§ **SUPPLIED INFORMATION**
· · · · ·
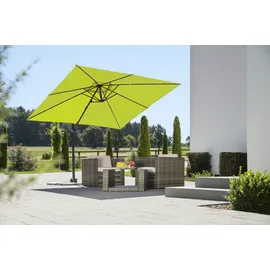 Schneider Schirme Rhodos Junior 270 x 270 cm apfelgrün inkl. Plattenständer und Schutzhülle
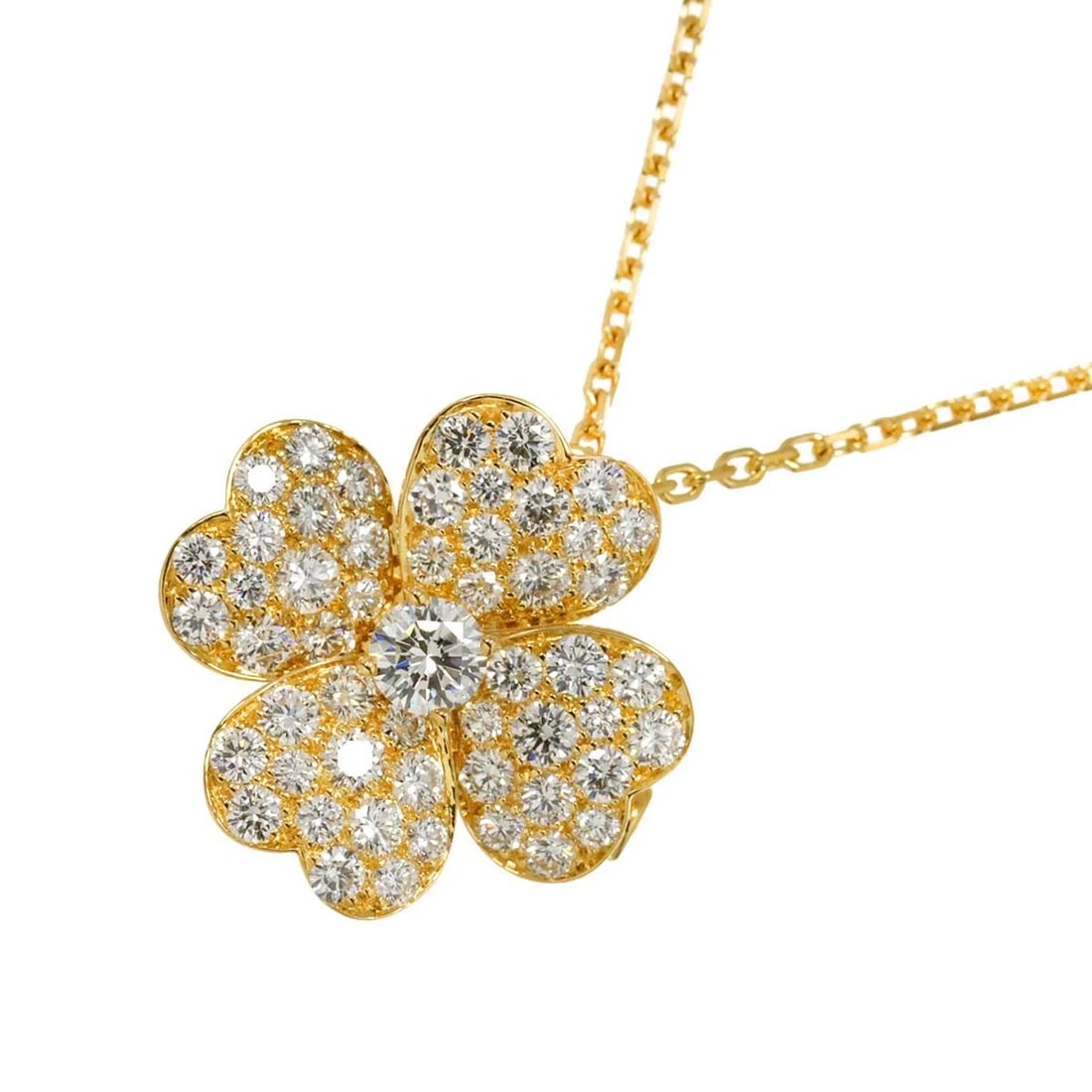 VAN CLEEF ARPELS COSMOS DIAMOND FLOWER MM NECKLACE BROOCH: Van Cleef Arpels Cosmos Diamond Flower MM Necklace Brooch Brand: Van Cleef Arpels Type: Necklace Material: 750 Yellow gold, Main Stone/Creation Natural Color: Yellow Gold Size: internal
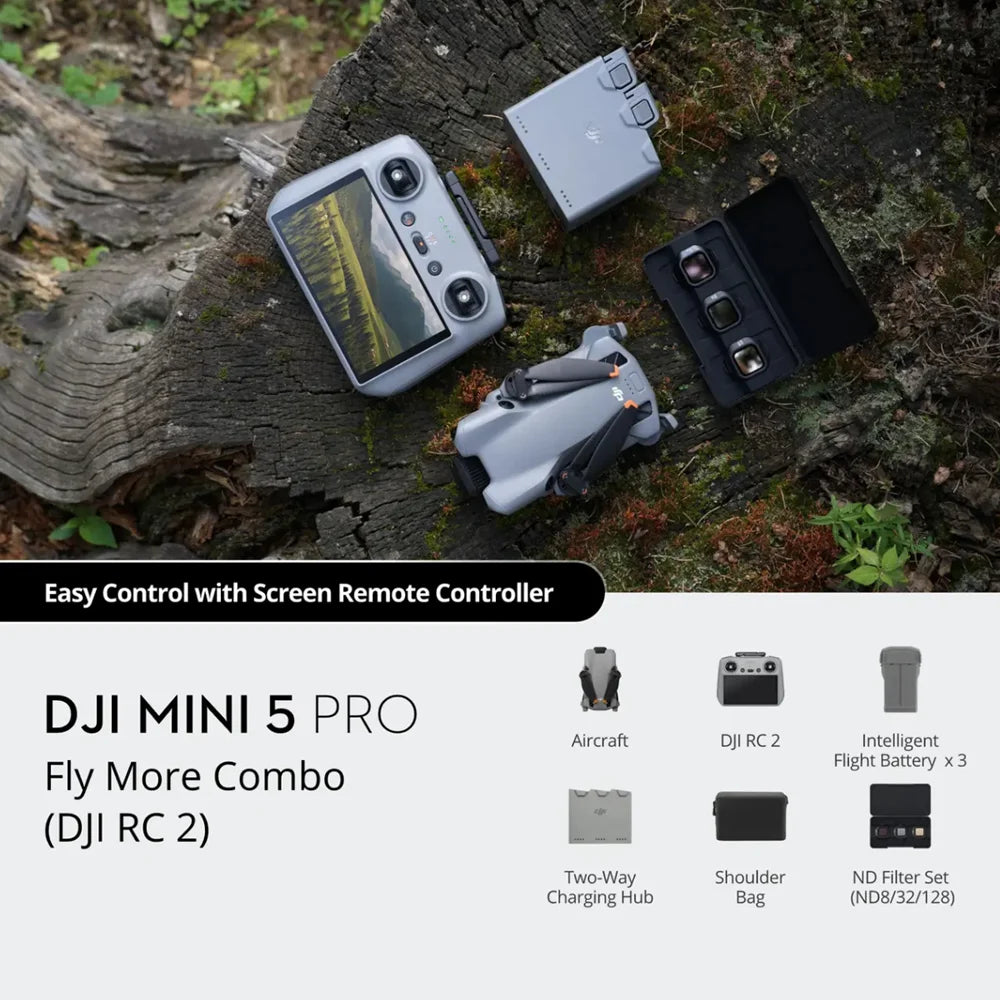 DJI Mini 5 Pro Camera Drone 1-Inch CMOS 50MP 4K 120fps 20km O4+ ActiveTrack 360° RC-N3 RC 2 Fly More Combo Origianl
· · · · ·
§ **WHAT IS NEEDED**
Produce the full material again verbatim, with the pictures dropped.

§ **REPLY TO THE TASK**
 Schneider Schirme Rhodos Junior 270 x 270 cm apfelgrün inkl. Plattenständer und Schutzhülle
 VAN CLEEF ARPELS COSMOS DIAMOND FLOWER MM NECKLACE BROOCH: Van Cleef Arpels Cosmos Diamond Flower MM Necklace Brooch Brand: Van Cleef Arpels Type: Necklace Material: 750 Yellow gold, Main Stone/Creation Natural Color: Yellow Gold Size: internal
 DJI Mini 5 Pro Camera Drone 1-Inch CMOS 50MP 4K 120fps 20km O4+ ActiveTrack 360° RC-N3 RC 2 Fly More Combo Origianl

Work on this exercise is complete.